### Exercise prompt
Beginning with the first line of the data below, extract each line up to and including the one containing "A row of tall". Copy them exactly and add nothing.

-*-

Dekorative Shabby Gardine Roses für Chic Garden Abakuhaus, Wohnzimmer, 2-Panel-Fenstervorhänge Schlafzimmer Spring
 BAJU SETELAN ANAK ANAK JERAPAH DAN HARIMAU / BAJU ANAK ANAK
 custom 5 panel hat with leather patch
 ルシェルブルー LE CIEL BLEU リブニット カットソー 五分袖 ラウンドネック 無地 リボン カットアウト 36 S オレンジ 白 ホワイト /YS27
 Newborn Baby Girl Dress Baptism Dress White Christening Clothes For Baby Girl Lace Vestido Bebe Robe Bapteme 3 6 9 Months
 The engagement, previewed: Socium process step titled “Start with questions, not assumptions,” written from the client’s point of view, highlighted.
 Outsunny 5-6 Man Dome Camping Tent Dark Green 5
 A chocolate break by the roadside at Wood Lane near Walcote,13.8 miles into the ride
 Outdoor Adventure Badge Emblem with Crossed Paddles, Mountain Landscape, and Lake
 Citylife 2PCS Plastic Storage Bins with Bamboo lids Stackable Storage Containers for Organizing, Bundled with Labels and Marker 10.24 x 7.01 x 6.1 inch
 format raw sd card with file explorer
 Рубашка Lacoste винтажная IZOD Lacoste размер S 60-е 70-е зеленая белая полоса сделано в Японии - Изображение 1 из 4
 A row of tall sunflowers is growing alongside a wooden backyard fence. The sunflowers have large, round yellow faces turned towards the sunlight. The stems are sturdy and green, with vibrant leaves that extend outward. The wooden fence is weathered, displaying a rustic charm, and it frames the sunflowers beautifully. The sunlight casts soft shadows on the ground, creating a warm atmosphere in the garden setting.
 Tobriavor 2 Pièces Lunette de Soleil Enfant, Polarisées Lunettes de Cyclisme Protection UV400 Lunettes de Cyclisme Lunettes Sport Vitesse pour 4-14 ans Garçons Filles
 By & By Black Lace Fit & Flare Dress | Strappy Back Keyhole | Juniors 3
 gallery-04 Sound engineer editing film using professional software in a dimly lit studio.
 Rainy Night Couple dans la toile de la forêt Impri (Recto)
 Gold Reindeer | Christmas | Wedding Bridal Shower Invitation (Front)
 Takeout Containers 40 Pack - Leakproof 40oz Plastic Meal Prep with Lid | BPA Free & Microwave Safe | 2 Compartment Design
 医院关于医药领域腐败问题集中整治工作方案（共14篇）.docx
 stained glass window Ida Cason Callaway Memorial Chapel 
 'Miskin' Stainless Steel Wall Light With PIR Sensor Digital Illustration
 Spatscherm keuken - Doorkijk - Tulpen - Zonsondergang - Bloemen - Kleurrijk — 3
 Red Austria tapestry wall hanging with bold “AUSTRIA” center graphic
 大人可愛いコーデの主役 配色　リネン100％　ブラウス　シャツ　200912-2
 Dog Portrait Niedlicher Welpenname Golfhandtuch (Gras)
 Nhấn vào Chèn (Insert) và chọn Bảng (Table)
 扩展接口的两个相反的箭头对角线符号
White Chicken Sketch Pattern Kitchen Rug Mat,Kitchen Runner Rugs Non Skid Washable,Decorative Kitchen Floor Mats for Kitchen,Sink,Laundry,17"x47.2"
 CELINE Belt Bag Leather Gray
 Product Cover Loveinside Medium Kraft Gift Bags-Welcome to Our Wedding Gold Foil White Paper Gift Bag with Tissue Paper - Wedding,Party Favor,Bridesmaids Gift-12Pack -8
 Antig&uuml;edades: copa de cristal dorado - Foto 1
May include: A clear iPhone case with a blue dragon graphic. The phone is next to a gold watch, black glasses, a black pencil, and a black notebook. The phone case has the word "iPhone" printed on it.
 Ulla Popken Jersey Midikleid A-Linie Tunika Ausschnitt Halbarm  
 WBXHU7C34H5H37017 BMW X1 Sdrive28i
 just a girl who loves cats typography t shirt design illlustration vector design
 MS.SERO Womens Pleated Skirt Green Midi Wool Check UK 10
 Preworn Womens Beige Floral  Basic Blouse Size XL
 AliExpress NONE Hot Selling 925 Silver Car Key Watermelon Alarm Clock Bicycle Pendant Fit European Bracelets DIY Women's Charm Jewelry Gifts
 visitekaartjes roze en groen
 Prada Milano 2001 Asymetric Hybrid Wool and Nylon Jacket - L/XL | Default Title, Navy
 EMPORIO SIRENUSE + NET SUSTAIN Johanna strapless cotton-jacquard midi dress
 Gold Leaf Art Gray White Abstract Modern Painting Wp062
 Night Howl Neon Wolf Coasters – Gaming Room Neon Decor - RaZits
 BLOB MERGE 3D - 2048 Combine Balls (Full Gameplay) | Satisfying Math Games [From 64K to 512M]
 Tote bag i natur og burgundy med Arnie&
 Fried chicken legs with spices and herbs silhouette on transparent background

-*-

### Exercise solution
Dekorative Shabby Gardine Roses für Chic Garden Abakuhaus, Wohnzimmer, 2-Panel-Fenstervorhänge Schlafzimmer Spring
 BAJU SETELAN ANAK ANAK JERAPAH DAN HARIMAU / BAJU ANAK ANAK
 custom 5 panel hat with leather patch
 ルシェルブルー LE CIEL BLEU リブニット カットソー 五分袖 ラウンドネック 無地 リボン カットアウト 36 S オレンジ 白 ホワイト /YS27
 Newborn Baby Girl Dress Baptism Dress White Christening Clothes For Baby Girl Lace Vestido Bebe Robe Bapteme 3 6 9 Months
 The engagement, previewed: Socium process step titled “Start with questions, not assumptions,” written from the client’s point of view, highlighted.
 Outsunny 5-6 Man Dome Camping Tent Dark Green 5
 A chocolate break by the roadside at Wood Lane near Walcote,13.8 miles into the ride
 Outdoor Adventure Badge Emblem with Crossed Paddles, Mountain Landscape, and Lake
 Citylife 2PCS Plastic Storage Bins with Bamboo lids Stackable Storage Containers for Organizing, Bundled with Labels and Marker 10.24 x 7.01 x 6.1 inch
 format raw sd card with file explorer
 Рубашка Lacoste винтажная IZOD Lacoste размер S 60-е 70-е зеленая белая полоса сделано в Японии - Изображение 1 из 4
 A row of tall sunflowers is growing alongside a wooden backyard fence. The sunflowers have large, round yellow faces turned towards the sunlight. The stems are sturdy and green, with vibrant leaves that extend outward. The wooden fence is weathered, displaying a rustic charm, and it frames the sunflowers beautifully. The sunlight casts soft shadows on the ground, creating a warm atmosphere in the garden setting.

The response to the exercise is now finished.